■ INPUT DATA ■
===============

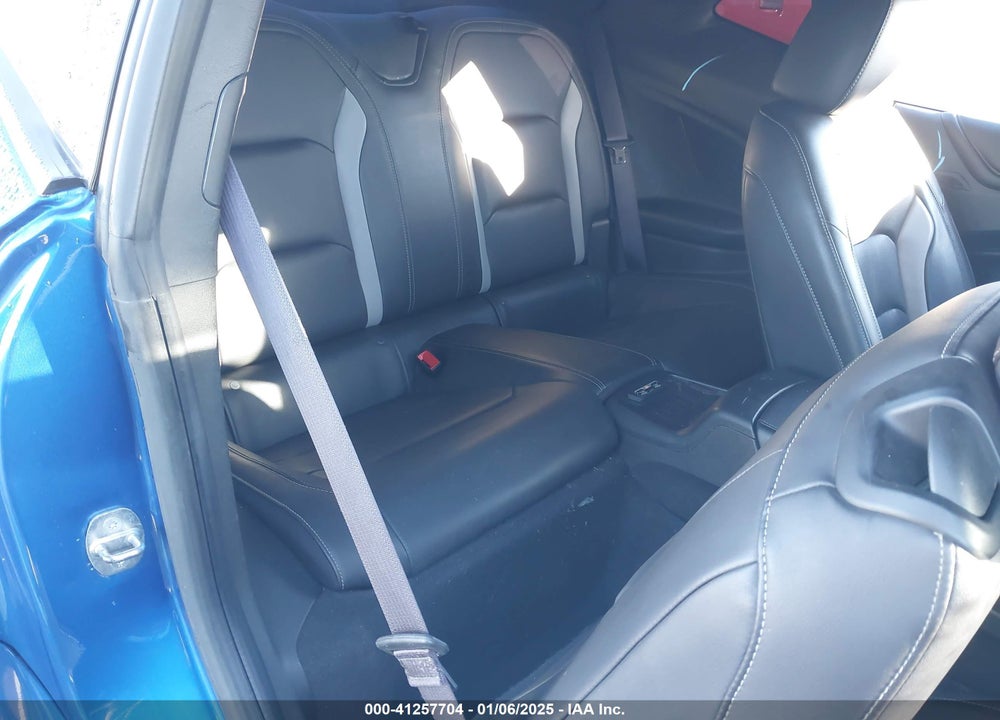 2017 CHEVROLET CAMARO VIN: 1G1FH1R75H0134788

===============

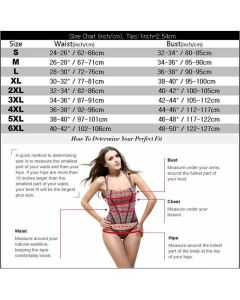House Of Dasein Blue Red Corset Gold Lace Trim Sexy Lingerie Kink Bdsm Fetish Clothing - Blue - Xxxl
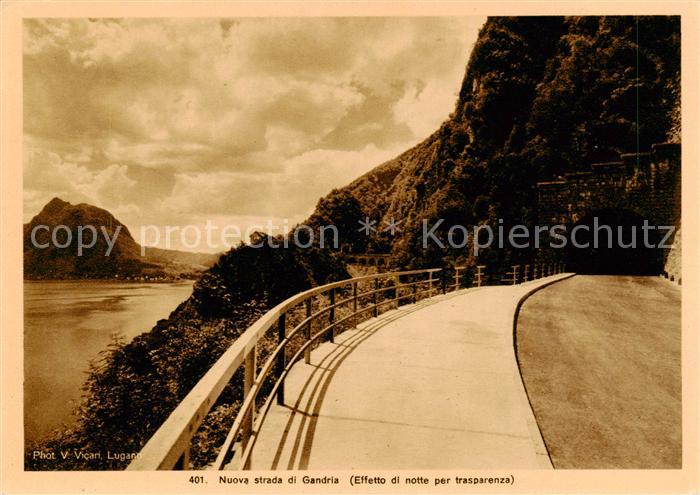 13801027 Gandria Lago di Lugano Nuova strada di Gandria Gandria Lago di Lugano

===============

Look above for the line with "House Of Dasein" and the line with "13801027 Gandria Lago". Output those two and everything between them exactly, pictures excluded.

House Of Dasein Blue Red Corset Gold Lace Trim Sexy Lingerie Kink Bdsm Fetish Clothing - Blue - Xxxl
 13801027 Gandria Lago di Lugano Nuova strada di Gandria Gandria Lago di Lugano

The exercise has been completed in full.